Les sanctions diffèrent selon que le produit périmé est proposé à la vente par simple négligence ou avec une intention de tromper le consommateur.

  • Il est interdit de proposer un produit à la vente le lendemain de la DLC.

    Le vendeur des produits périmés risque une amende de 1 500 € par produit périmé proposé à la vente.

    En cas de litige, il faut alerter la direction de protection des populations (DDPP) de son département.

  • Il est interdit de proposer un produit à la vente le lendemain de la DLC.

    Le vendeur qui vend volontairement des produits périmés en cherchant à tromper ses clients commet un délit de tromperie. C’est notamment le cas si des produits périmés ont été vendus avec une nouvelle étiquette comportant une date plus récente. C’est ce qu’on appelle la remballe.

    La personne responsable d’un délit de tromperie (commerçant, chef de rayon…) risque une peine allant jusqu’à 7 ans de prison et 750 000 € d’amende. Si les faits sont graves, l’amende peut être portée jusqu’à 10  %du chiffre d’affaires moyen annuel, calculé sur les 3 derniers chiffres d’affaires annuels connus à la date des faits.

    Le magasin peut aussi être poursuivi en tant que personne morale pour des infractions commises par ses salariés en son nom. Par exemple, si la direction a donné des consignes au chef de rayon pour éviter les pertes financières. Dans ce cas, l’entreprise risque une amende de 3 750 000 € maximum. Elle risque aussi tout ou partie des sanctions suivantes :

    • Affichage de la décision judiciaire dans le magasin ou dans les médias
    • Interdiction d’exercer l’activité en cause (la boucherie par exemple) à titre définitif ou pour 5 ans
    • Fermeture définitive ou pour 5 ans de l’établissement

    En cas de litige, il faut alerter la direction de protection des populations (DDPP) de son département.

La date de durabilité minimale est une date indicative.

Une fois la date dépassée, le produit perd de ses qualités gustatives ou nutritives (baisse de la teneur en vitamines par exemple), mais n’est pas dangereux pour la santé.

C’est le cas, par exemple, des produits secs, stérilisés ou déshydratés (café, lait, jus de fruits, gâteaux secs, boîtes de conserve…).

  À savoir

pour certains produits, la mention de la DDM n’est pas obligatoire : fruits et légumes frais, vins, vinaigres, sel, sucres en morceaux, chewing-gums…

Comment est indiquée la DDM ?

La date de durabilité minimale des produits est précédée de l’une des mentions suivantes :

  • « À consommer de préférence avant le … » quand la date comporte l’indication du jour
  • « À consommer de préférence avant fin … » dans les autres cas

La précision de la date dépend de la durabilité du produit.

  • Le fabriquant peut uniquement indiquer le jour et le mois sur le produit.

  • Le fabricant peut uniquement indiquer le mois et l’année sur le produit.

  • Le fabricant peut uniquement indiquer l’année sur le produit.

Vente de produits avec DDM dépassée

Un produit peut être proposé à la vente avec une DDM dépassée.
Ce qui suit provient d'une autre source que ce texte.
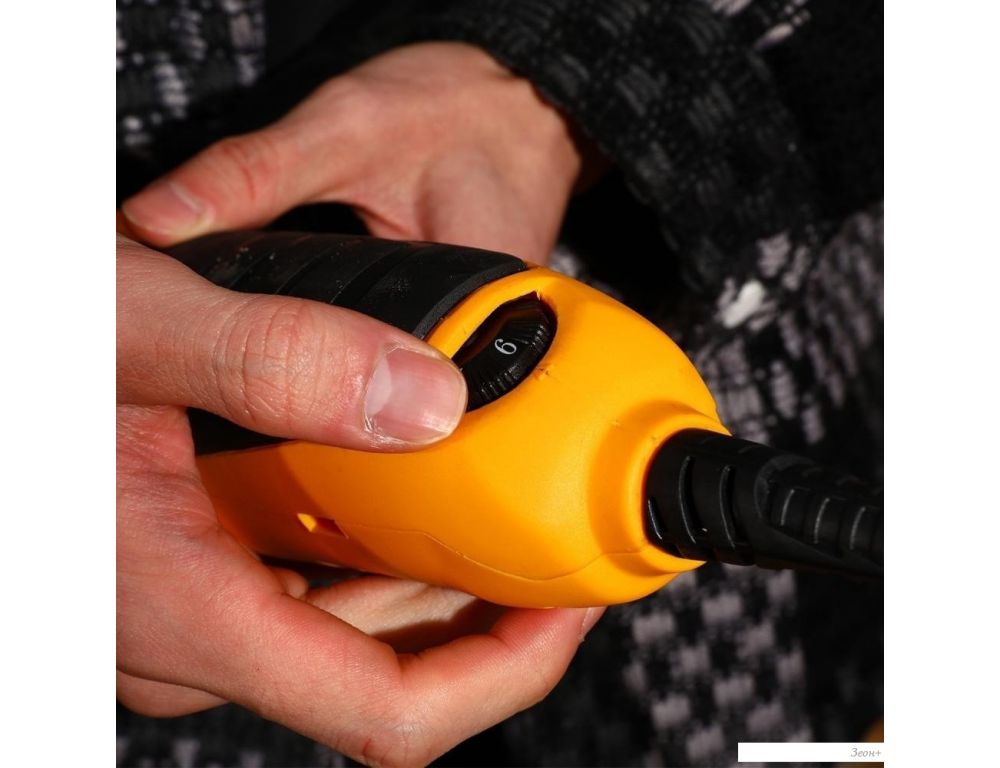 Реноватор Deko DKOT600W 083-1096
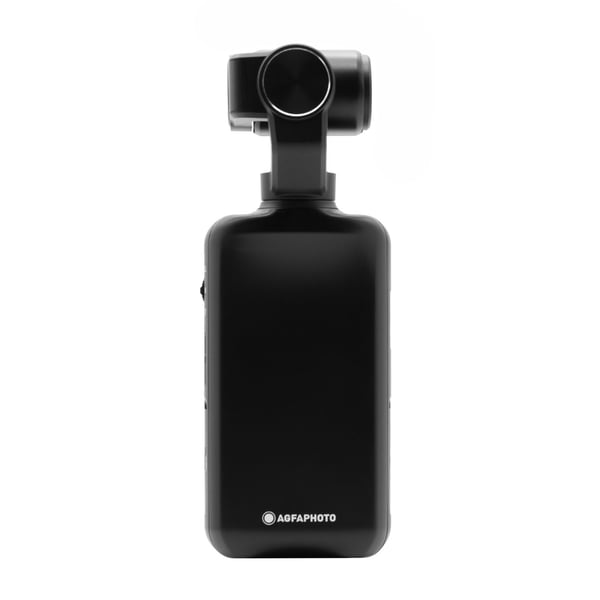 Agfa Mini Gimbal Realimove MC3X 20MP 4K
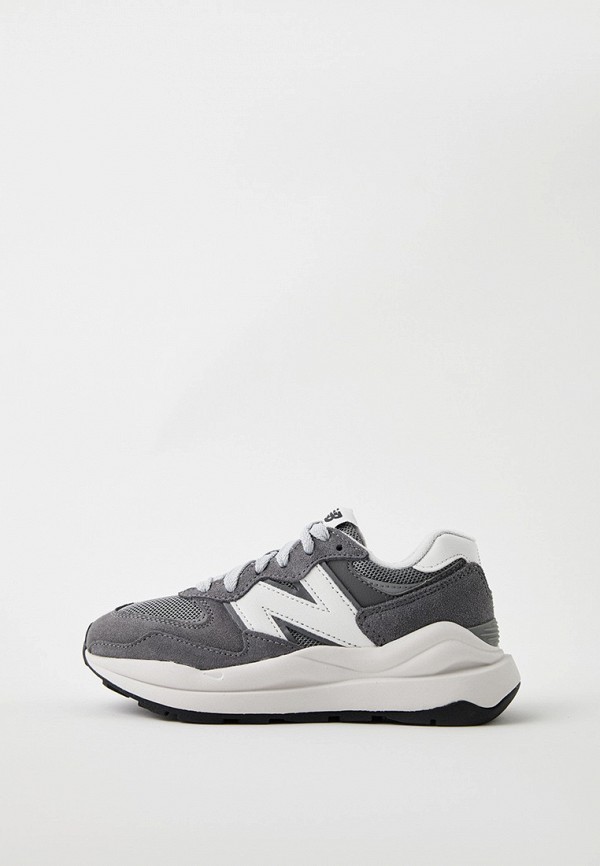 

Кроссовки New Balance, Серый, 5740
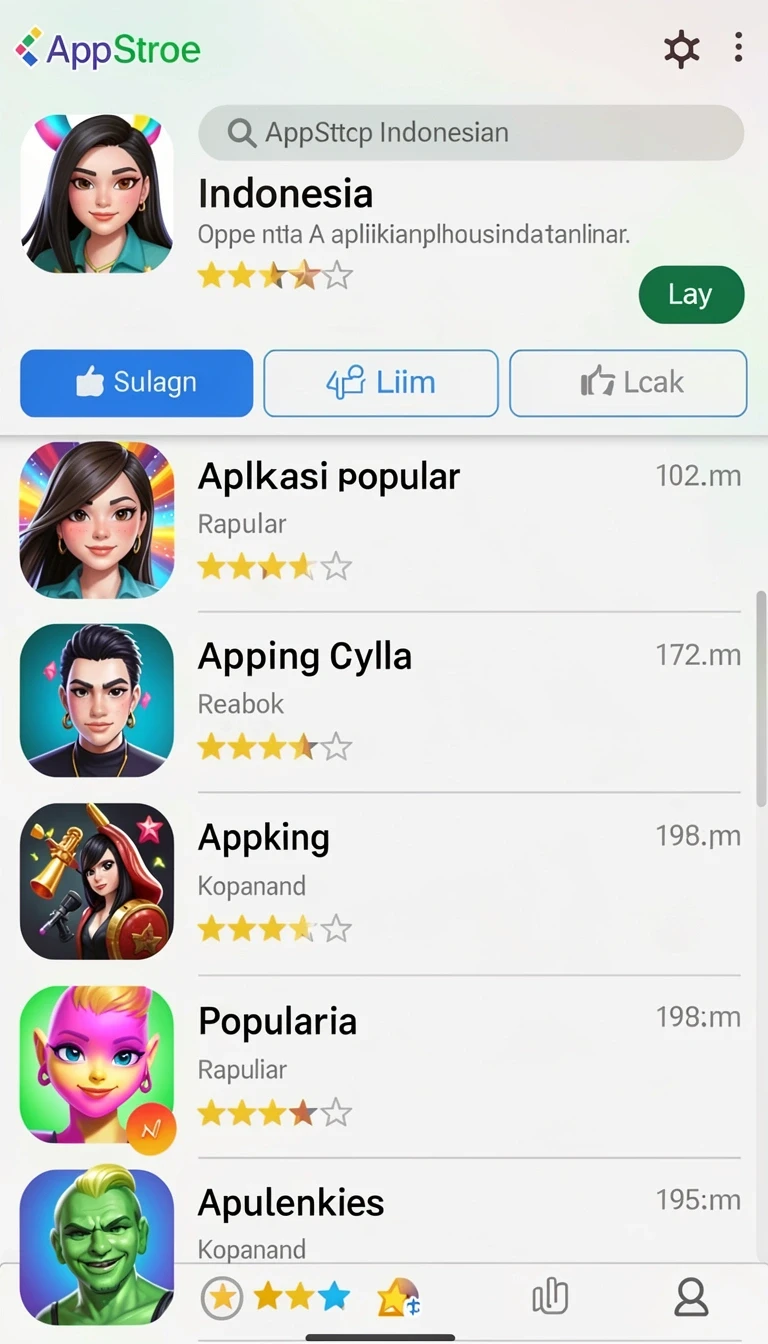 Screenshot hokiwin nomor 3
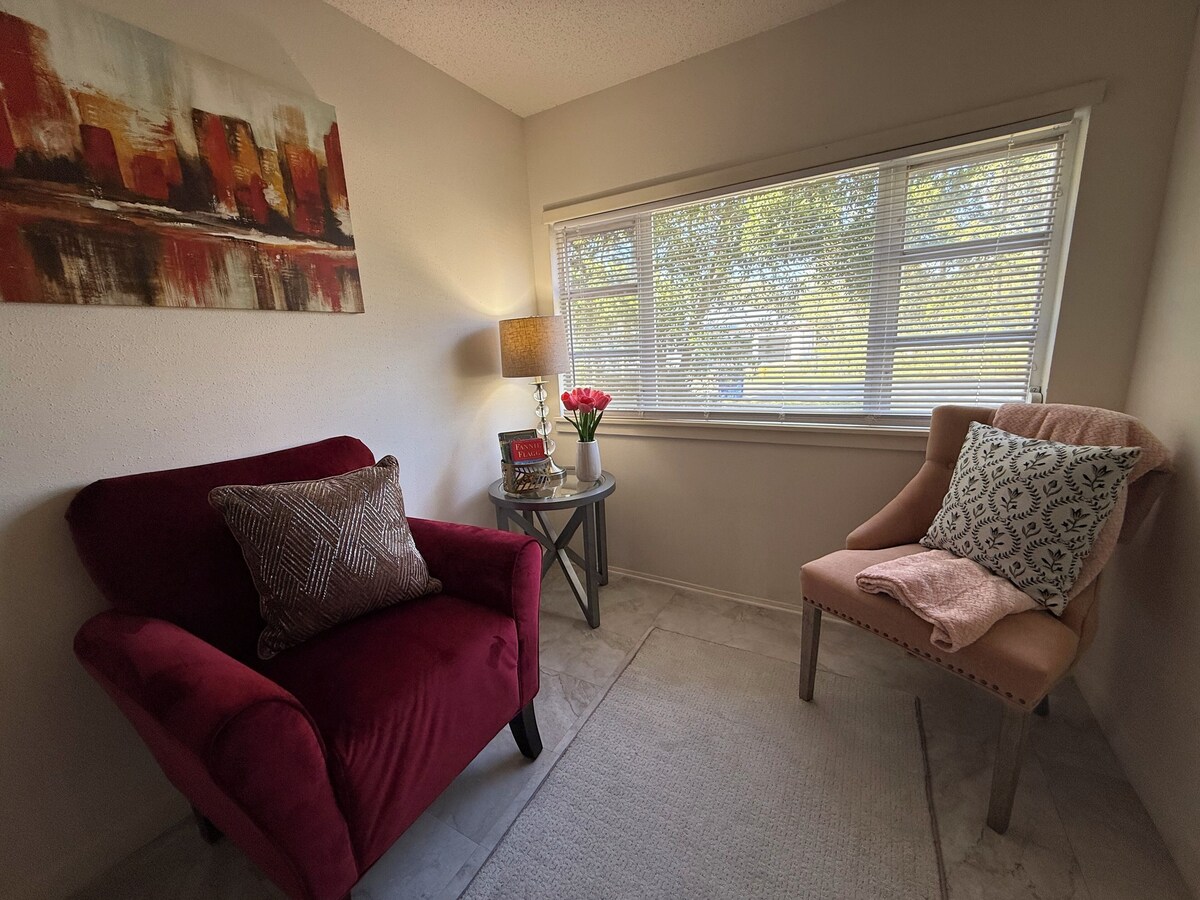 Image de profil de l’hôte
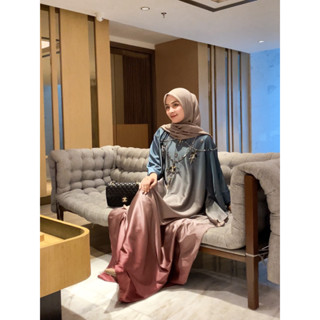 Shopee 2024 kaftan murah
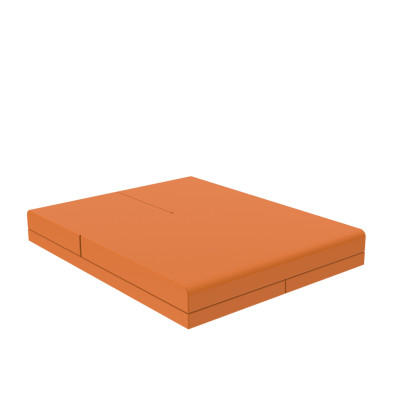 comprar DAYBED - Pixel por Ramón Esteve - VONDOM online de VONDOM desde 3,139.95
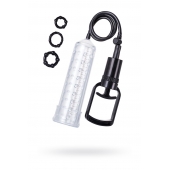 Прозрачная вакуумная помпа A-toys - A-toys - в Воронеже купить с доставкой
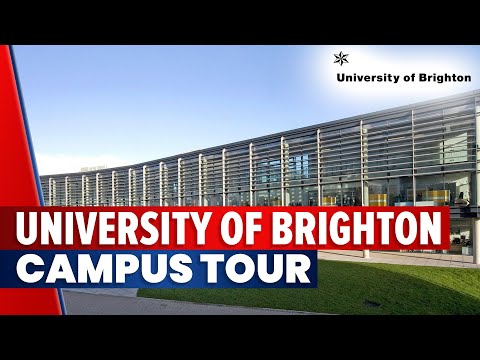 University of Brighton | Community Health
Cela n’est pas une infraction.

La date de congélation correspond à la date à laquelle le produit a été congelé ou à la date de 1re congélation si le produit a été congelé à plusieurs reprises.

Cette date doit obligatoirement figurer sur les produits suivants :

  • Viandes et préparations de viandes congelées
  • Produits non transformés de la pêche congelés (poissons, fruits de mer…)

La mention « Produit congelé le… » doit figurer sur l’étiquetage suivie du jour, du mois et de l’année ou d’une référence à l’endroit où la date est indiquée.